I've spoken before about books in transition, and this is further evidence of a massive shift in how we get our reading entertainment. According to Reuters, although overall sales of books decreased by 2.5% last year, ebook sales jumped by over 15%, demonstrating further shift in the market. Several other blogs have picked up this story, continuing a trend that many writers are beginning to capitalize on.
So where does this leave the industry? Does this mean that within 15-20 years we'll be able to kiss those print books goodbye, that everyone will have a Kindle, Nook, or Kobo? Doubtful.
To begin with, have you checked out the prices on these devices. Even the most basic Kobo starts the bidding at $60, and it goes up from there. I couldn't find a single Kindle priced under $119. Yes, a large portion of the audience can buy these things, but not all. I'm not even sure a majority of readers will be able to do that. There are loads of people out there who won't shell out over $100 for an electronic reading device; they either can't afford it or they're too cheap.

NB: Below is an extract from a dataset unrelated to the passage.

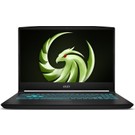 MSI Bravo 15 C7VE-062XTR AMD Ryzen 5 7535HS 8GB 512GB SSD RTX4050 Freedos 15.6" FHD 144Hz Taşınabilir Bilgisayar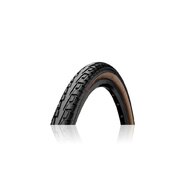 Plášť CONTINENTAL Ride Tour drát black/brown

Next, no matter how much the format for reading books advances, there are simply too many people who still prefer the visceral feel of books. I happen to be one of them. Granted, that's changing a little - the books I want to hold onto are the ones I buy in print nowadays, while the ones I'm not sure of are the ones I buy in digital form - but the habit has been too deeply ingrained in people to banish overnight. Besides reading something weighty, a lot of us take pride from a bookshelf full of books.
What's likely to happen is that print will become a bit of a niche, albeit a big one. I estimate that at least half of what we read will remain in print form for the foreseeable future. However, that still leaves a great deal of growth potential for the digital market. And as we older dinosaurs disappear, so will a portion of the print market. I don't think e-readers will get as popular as smart phones since fewer people read than text, but more and more people will be carrying around their device as time progresses - it's just more convenient to store 50 books on a thin pad than to lug around four or five books the size of The Stand.
It's an exciting time to be in the digital marketplace. Traditional publishers are slowly starting to realize the potential for the ebook, but they're still trying to price them like paperbacks, a price many won't pay, leaving a big opening for the independent author. I wonder what the landscape will look like in 20 years, and whether we'll just resort to just swallowing book pills or something.